The City of Orlando has mapped more than 300 vacant, privately owned lots concentrated in the Parramore neighborhood and is preparing to offer builders and buyers a package of incentives to turn them into homes — including up to $45,000 in down payment assistance for qualifying buyers and full rebates on permit and impact fees for builders who price homes at $375,000 or less.
The city identified the lots using its GIS database and confirmed them with field visits, a city spokesperson said. A vacant lots map provided to Bungalower shows them scattered throughout Parramore and the surrounding Downtown Community Redevelopment Area, from Colonial Drive south past the East-West Expressway.

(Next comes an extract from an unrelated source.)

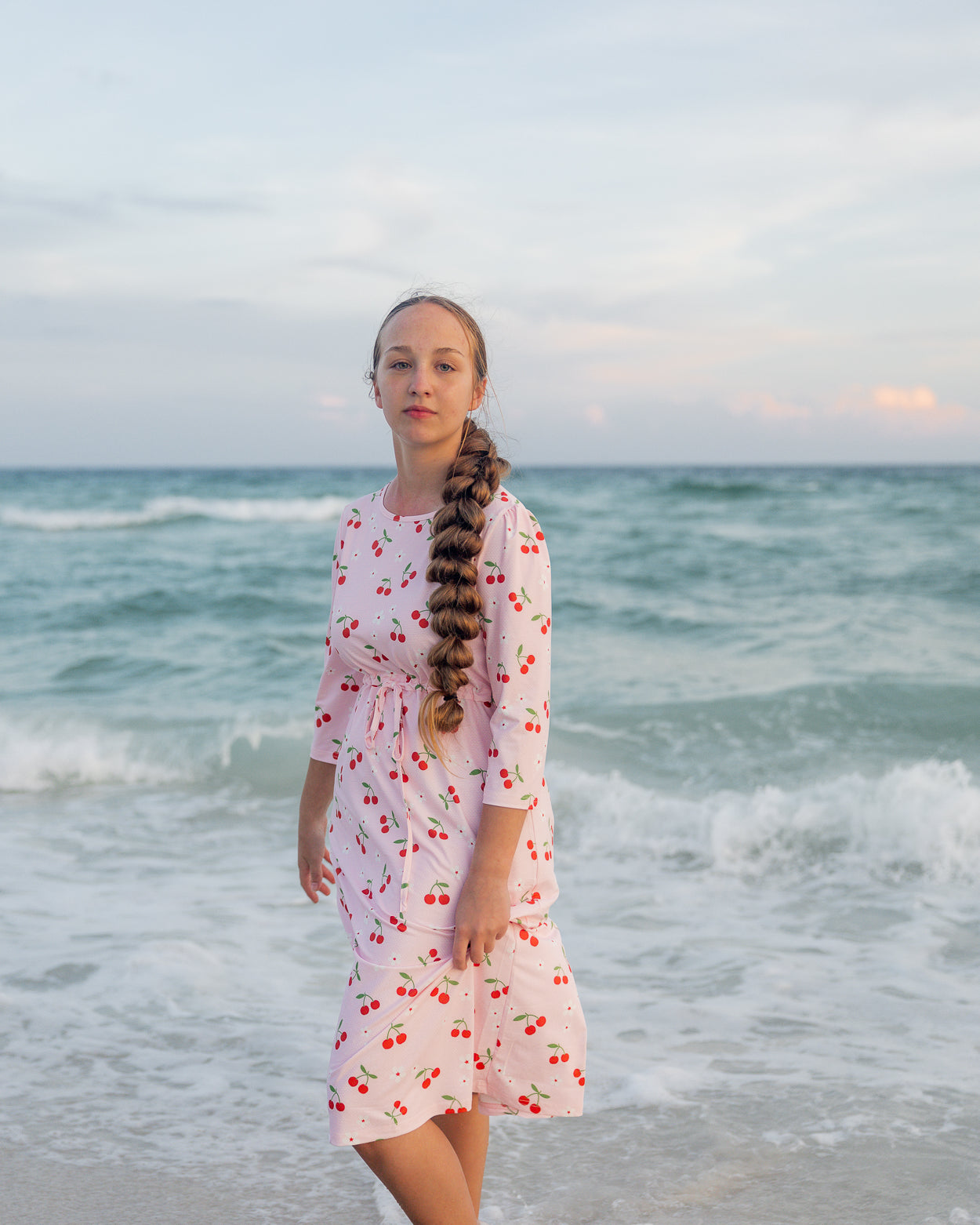 Model wearing Nuggles® Nola Sport Swim Dress in Cherry Soda Shop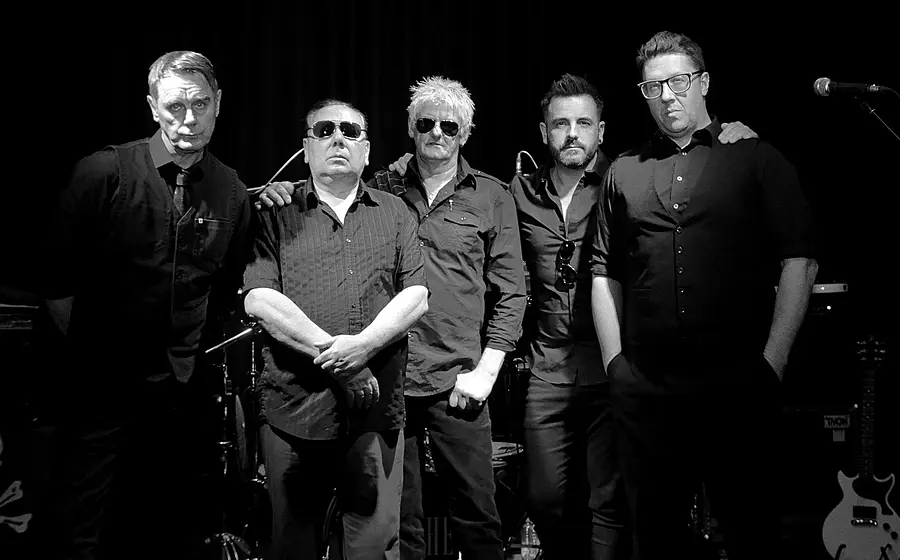 Bandfoto von The Godfathers mit fünf Bandmitgliedern in dunkler Kleidung auf einer Bühne vor schwarzem Hintergrund, zwei Personen mit Sonnenbrillen im Zentrum, umgeben von Mikrofonständern, Schlagzeug und E-Gitarre in Schwarzweißaufnahme.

City council on Monday approved the three-year pilot, called Orlando Unlocked Open Door, as part of a broader affordable housing push that also includes a separate citywide ADU incentive program on the same agenda.
How it works
Builders who construct detached single-family homes of at least 1,200 square feet within the CRA and price them at $375,000 or less would receive 100% rebates on impact fees (averaging $18,565 per home) and building permit fees ($574 to $704 per home) — a total builder incentive averaging roughly $19,200.
Buyers whose household income doesn’t exceed 120% of Area Median Income would receive up to $45,000 in down payment assistance, structured as a five-year forgivable loan for homesteaded properties. First responders — law enforcement officers, firefighters, nurses, and EMTs — would be eligible for an additional $10,000.
For a family of four, the 120% AMI income ceiling is $126,480 per year, the spokesperson said. For a single person, it’s $88,560.
Buyers must complete a homebuyer education seminar through a HUD-certified housing counseling agency. They cannot combine the city’s down payment assistance with the separate Orlando Housing Department program, but can stack it with Orange County or Orange County Housing Finance Corporation assistance.
Does the math work?
The city provided research showing the $375,000 price cap is grounded in current market conditions. New construction within the CRA portion of ZIP code 32805 has averaged $318,750 since 2022, with the highest sale at $335,000 — all 3-bed, 2.5-bath homes averaging 1,572 square feet. Looking at the broader 32805 area, 41 new-construction home sales since 2022 averaged $344,441. The higher end of those sales are concentrated in the Lake Mann Estates neighborhood, outside the CRA.
The spokesperson noted that the metro-area median of $415,000 is skewed by the downtown core and east side of downtown, which pushes it higher than what is typical in Parramore.
That said, the city’s own numbers show the math is tight. Separately from this program, the CRA is currently finalizing eight single-family homes for sale in two models: the Lion/Pride (1,567 square feet, appraised at $365,000) and the Magic (1,581 square feet, appraised at $380,000). The larger model exceeds the program’s own $375,000 cap.
The city’s affordability analysis assumes a 7% interest rate. At $375,000 with no down payment, a buyer would need to earn at least $110,723 per year to keep housing costs at a third of income. With the program’s $45,000 in down payment assistance, that threshold drops to $99,836 — making the home affordable for two-or-more person households at 120% AMI.
Funding
The Affordable Housing Initiatives Fund has $1.5 million that will be split between this program and the ADU incentive program, the spokesperson said. The Permit Fee Rebate Pilot Program has about $600,000 in its current balance. That’s $2.1 million total shared across both programs.
The city said the exact number of units the funding can produce is difficult to estimate because both programs draw from the same pool. At roughly $19,200 per home in builder rebates plus $45,000 in buyer assistance, a single transaction could cost the programs more than $64,000.
The program is available through January 2029 or until funds are exhausted.

Updated Feb. 24, 2026: Updated to reflect city council approval on Feb. 23.